Israel has called up an estimated 2,000 army reservists as troops prepared to take control of five major Palestinian towns in the West Bank. The mobilization of soldiers is aimed at halting a wave of Palestinian terror attacks, including suicide bombings. But not all members of the Israeli cabinet are happy about some of the measures being taken.
In the latest incursion, Israeli troops backed by about 60 tanks and armored personnel carriers swept into Qalqilya in the West Bank. Israeli troops also have moved back into at least four other Palestinian-ruled towns: Bethlehem, Jenin, Nablus and Tulkarem.
Daniel Taub, a spokesman for the Israeli foreign ministry, says Israel is being forced to launch the offensive in a bid to halt Palestinian suicide bombings. "Israel has had to call up yet another round of reserve soldiers," he said. "It is not something that we want to do, and it means many families are losing their fathers and husbands. The reason we are doing this is because quite simply because the Palestinian Authority has still failed to fulfill any of the commitments that it undertook to fulfill over the last eight years."
At the same time, the Israeli defense minister Binyamin Ben-Eliezer denied claims that the Israeli military also planned to take over the running of the civil administration in Palestinian areas.
He says he wants the troops to be deployed for no longer than six months and that the soldiers are not out to punish all Palestinians, but only searching for those involved in terror.

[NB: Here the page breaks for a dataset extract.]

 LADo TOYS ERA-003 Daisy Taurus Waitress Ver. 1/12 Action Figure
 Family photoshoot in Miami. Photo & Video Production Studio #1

He was reacting to statements by Palestinian Cabinet Minister Saeb Erekat, who accused Israel of wanting to destroy the Palestinian Authority and "to replace it with the Israeli civil administration and Israeli military government."
"It is obvious that the Israeli government now is resuming fully its occupation," he said. "They are continuing the destruction of the Palestinian Authority."
Israel, meanwhile, is considering a number of other steps. They include expelling suspected Palestinian terrorists from the territories and the forced transfer of the families of Palestinian suicide bombers from the West Bank to the Gaza Strip.
Some Israeli cabinet ministers also want the homes of these families to be demolished, but such sanctions are likely to be opposed by the international community as a form of collective punishment.
At the same time, bitter arguments broke out in Israel's cabinet Sunday over the decision to build a security fence around the West Bank in a bid to stop Palestinians crossing into the Jewish state to launch violent attacks.
Israel's foreign minister, Shimon Peres, warned the cabinet that the fence, which encroaches into the West Bank, will do "great diplomatic damage" to the country's reputation.
He says he may consider quitting the government if the proposed maps of the fence are not altered.